Le condizioni di Adriano rimangono pessime: e chi lo riaccompagna a casa e ce lo lascia? Con quel tremore, quei reni che destano più di una preoccupazione…perché non vai in ospedale a fare un po’ d’analisi? Accetta, obtorto collo, perché sa che non ha altra scelta.
Ce la prendiamo con calma e ci presentiamo al Pronto Soccorso che è l’una passata: c’è poca gente, lo guardano subito. Noto che è un codice giallo, ma appena passata la visita cambia in verde: meno male, evidentemente non ci sono grandi cose.
Il medico afferma che ha qualche valore del sangue fuori posto e che bisogna indagare: lo metteranno in medicina a fare un bel “lavaggio” di fegato e reni. Ci sembra una buona soluzione.
Il giorno dopo Adriano è triste (e chi non lo è in ospedale…) e rassegnato: però si alza per il pranzo e per la cena e mangia al tavolino, con la flebo attaccata. Insomma, le cose non vanno tanto male.
Il terzo giorno gli danno una pastiglia che non sopporta e che lo fa star male: vomita più volte. L’infermiera – ho notato che ci sono altre pastiglie sul comodino – conferma “no, non deve prenderle, lo fanno star male”. E qui Adriano commette quello che sembra un errore: alza la voce.
“Arriva o non arriva questo anti-emetico? E’ tutto il pomeriggio che lo chiedo!” non sentono, e allora lo urla.
Puntuale, arriva la “consulenza” psichiatrica, la quale conclude che non c’è niente di “significativo” – come sia giunto il medico a questa conclusione mi è strano, Adriano ha una depressione che galoppa… – però non manca la cura per farlo “stare tranquillo”. Valium, una pera che addormenterebbe un cavallo.
Il giorno seguente Adriano è assente: a malapena riesce a salutare ed a pronunciar qualche parola. Gli chiediamo se dobbiamo avvisare i cugini, solo lui ha i numeri di telefono…uno, addirittura, è un ex primario: è andato in pensione solo l’anno scorso nello stesso ospedale…no, Adriano si agita, no, niente parenti, voglio solo voi, i miei amici…

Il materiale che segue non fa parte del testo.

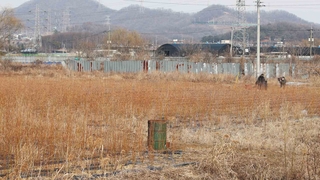LH직원 투기의혹 지역 공사 한창…농지엔 나무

Andiamo a parlare con la dottoressa, ma non essendo parenti ci dirà quello che vuole: ci racconta che Adriano è un alcolista. Un alcolista?!? Sì, lo abbiamo dedotto dalle analisi e dalle sue affermazioni: certo, penso, “bombardato” com’è gli fai dire quello che vuoi…ci spertichiamo, siamo in tre – io, un ex infermiere ed un dipendente comunale – lo conosciamo bene…sì, beveva un bicchiere a pasto, d’Estate un po’ di birra al posto del vino, ma non è un alcolista, perdio! A questo punto siamo tutti alcolisti! E poi, l’alcolismo è una malattia psichiatrica, ci vogliono gli estremi per diagnosticarla, mica bastano delle analisi!
Osservo meglio la dottoressa: avrà quarant’anni, mal portati. Due lenti spesse mascherate da una montatura sapiente, viso tirato, poco trucco, capelli biondi (saranno naturali? Boh…) ed un’aria stanca e depressa: mentre parla con noi non smette di maneggiare qualcosa al computer e la sentenza è sempre la stessa, è un alcolista, lo curiamo, se vi va bene è così, altrimenti ciccia…
Usciamo, ringraziando il cielo di non aver mai incontrato un medico del genere: già, ma lo ha incocciato Adriano!
Dopo qualche giorno M. – l’ex infermiere – comincia a cedere…non possiamo pensare che Adriano, quando uscirà, potrà fare la vita di prima, dobbiamo trovare una soluzione, credetemi: dovrà andare in una residenza protetta. Non pronuncia la parola “ricovero” per non farci trasalire, ma la sentenza è chiara a tutti.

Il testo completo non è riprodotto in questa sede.